* [What is needed]
Only one stretch of the data below is needed. Output the lines from the one with "Yorkshire Dales Autograss" up to and including the one with "Kit Colliers de", exactly as they stand.

* [Stored data]
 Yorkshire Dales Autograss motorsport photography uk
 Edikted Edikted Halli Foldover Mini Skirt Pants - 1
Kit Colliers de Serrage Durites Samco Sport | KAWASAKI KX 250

* * *

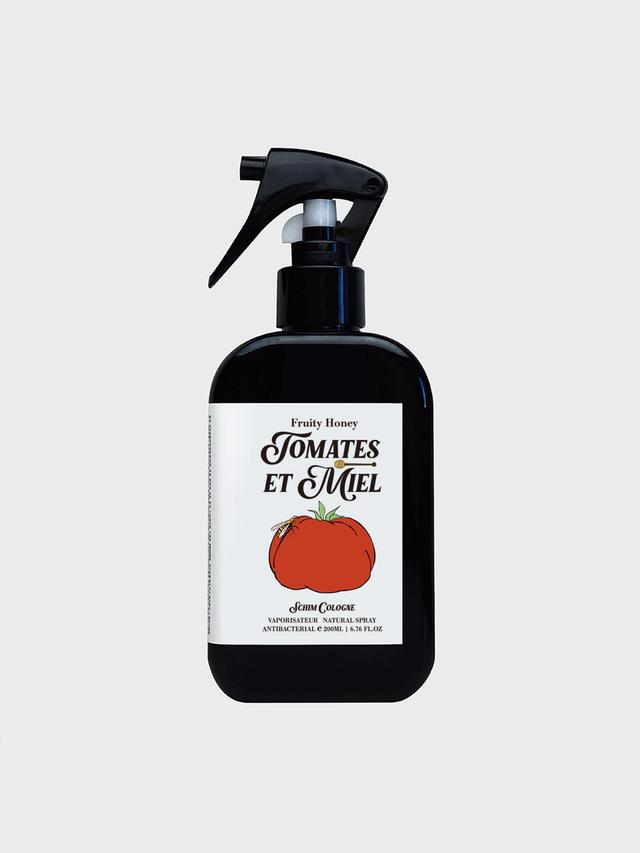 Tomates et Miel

* [Task result]
 Yorkshire Dales Autograss motorsport photography uk
 Edikted Edikted Halli Foldover Mini Skirt Pants - 1
Kit Colliers de Serrage Durites Samco Sport | KAWASAKI KX 250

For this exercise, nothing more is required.